One other question: surely the output impedance is already considered? I. E. The output will be 2v *after* the 560R output impedance, so attenuation would be zero?
Thanks for the great help.
One other question: surely the output impedance is already considered? I. E. The output will be 2v *after* the 560R output impedance, so attenuation would be zero?
Thanks for the great help.
the output voltage or emf is 2V, the source impedance is 560ohms.
If you feed that output to an infinitely high load impedance the load sees the full 2V of output.
If you feed the output to a 560ohms load, then the emf gets split exactly into two equal parts.
1V is dropped through the internal source impedance and the other 1V is dropped across the load.
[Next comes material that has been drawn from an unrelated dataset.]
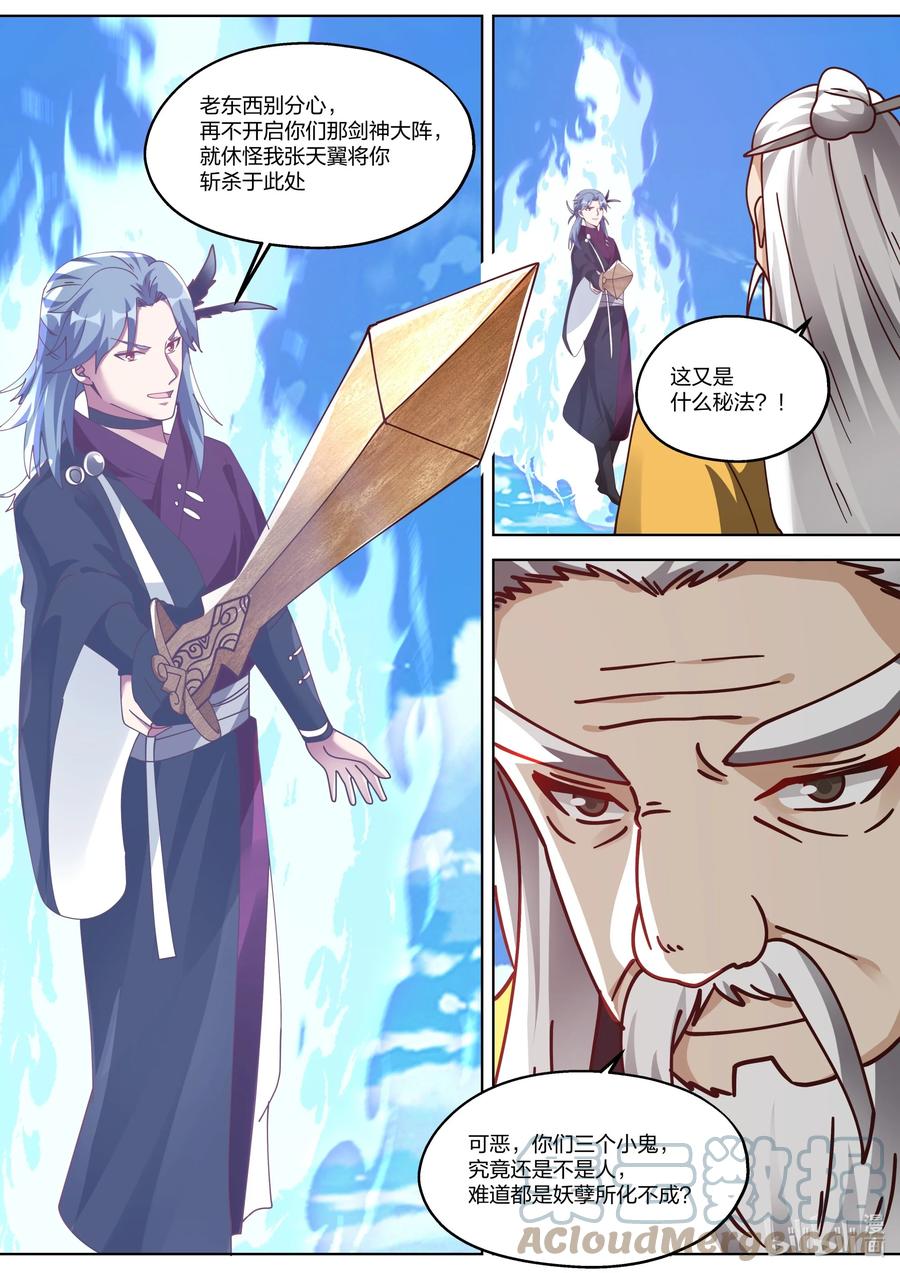 348血战剑神谷-修罗武神-原著: 善良的蜜蜂,噼咔噼（第9张）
right. I think i actually understand! Thanks for the basic lesson 🙂
So this means, given the 9.9k input impedance of the amp and the 560R output impedance of the dsp, and the 2v rms output, the voltage i will see across the amp input will only ever be 1.89v. Rms.i think I can live with that.
So. Am i right that a 90 nf capacitor across the amp input will provide a 3.16khz lowpass? Based on the 560 ohm output impedance of the minidsp it seems right, assuming its that simple.
Yes, the 1.89Vac from a 2Vac source. That's a loss due to the 560r of 0.48dB
Yes, 3.16kHz for 560r & 90nF
Instead use 100nF with 510r (3.12kHz) or 470r (3.39kHz) or paralleled 1000r (3.18kHz)
or 510r||39k (3.16kHz)
or keep the 560r with 100nF and add an adjusting resistor to give the F-3dB frequency you require.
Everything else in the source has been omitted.